Jericho Security generates novel phishing pretexts on demand using generative AI rather than selecting from a template library. It offers live adaptive AI vishing and works best for organizations that prioritize maximum scenario variety over structured template-based design.
Email-First Platforms
These platforms are strong for email simulation and OSINT personalization but have limited or no coverage of live voice, hybrid attacks, and deepfake simulation.
Platform | Live AI vishing | Hybrid email + voice | Custom voice cloning | NIST difficulty | Deepfake simulation |
|---|---|---|---|---|---|
KnowBe4 | No | Partial (Diamond tier) | No | No | Content only |
Hoxhunt | No | No | No | No | No |
Proofpoint | No | No | No | No | No |
SoSafe | No | No | No | No | No |
KnowBe4 is the largest platform in the category by customer count, serving around 70,000 organizations.

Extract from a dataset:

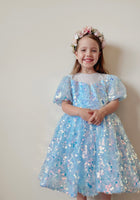Load image into Gallery viewer, Kids girls Mermaid Luxe Sequins Tulle Dress - Blue (pre order)
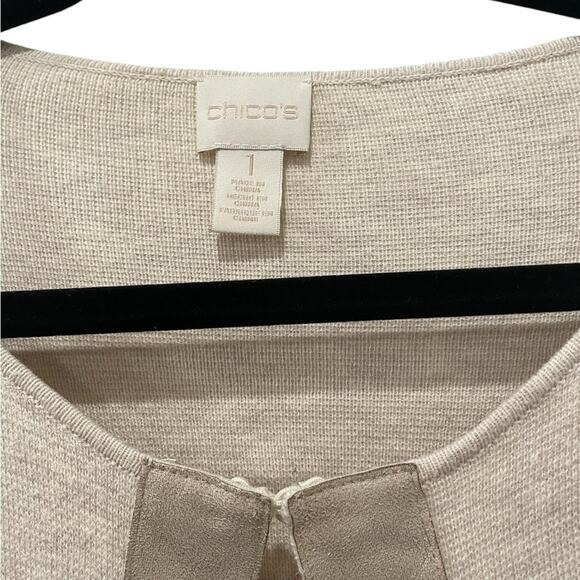 Chico’s Fringe Cardigan Neutral Tan Size M Cotton Blend Open Front EUC - Picture 3 of 7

It's strongest for email simulation volume, OSINT personalization, and compliance reporting. Its Diamond tier includes a Callback Phishing feature that combines a phishing email with an inbound call scenario, but this isn't an outbound AI-powered call. Deepfake content is available as awareness training rather than simulation.
Hoxhunt leads the market on adaptive email simulation difficulty and behavior change with low admin overhead. Its model continuously adjusts simulation complexity based on individual performance, and it has documented a 63% reduction in repeat phishing victims within six months. It doesn't offer live vishing or deepfake simulation.
Proofpoint is most valuable when it's already your primary email security platform. The Satori agent uses real threat intelligence from Proofpoint's email gateway to inform simulation content, which is a meaningful advantage for buyers already in the Proofpoint ecosystem. No live vishing or deepfake simulation capabilities.
SoSafe is the leading choice for European enterprises that require GDPR compliance, EU data residency, and multilingual support across 30+ languages. Its behavioral analytics and adaptive email difficulty are well-regarded. No live vishing or deepfake simulation.
Try our vishing simulator
Experience the most advanced voice phishing simulator built for security teams. Create scenarios, test voice cloning, and explore automation features.
Three Steps to Improve Your Simulation Program This Quarter
If your current program is email-only, these three actions will move it in the right direction without requiring a full platform change on day one.
1. Audit your current simulation coverage against the five questions above.
Most organizations running email-only programs will find gaps at questions one, two, and three immediately. That audit doesn't require a vendor conversation. It's the baseline assessment that tells you what you're actually testing and what you're leaving uncovered.
2. Add a remediation loop at the moment of failure.
Before you change platforms or add new attack vectors, make sure every failed simulation triggers immediate, non-punitive feedback. A landing page that shows the employee what made the attack convincing, shown the moment they click, produces a 40% average reduction in susceptibility according to the meta-analysis of 42 studies. It's the highest-impact single change you can make to an existing program, and most platforms already support it.
3. Run a vishing simulation before your next board review.
Email click rates are a familiar metric. Most boards and leadership teams have seen them before. Fail rates on a live AI phone call, especially one using an executive voice clone, tell a different story about organizational readiness and are often more persuasive for making the case to expand the simulation program beyond email.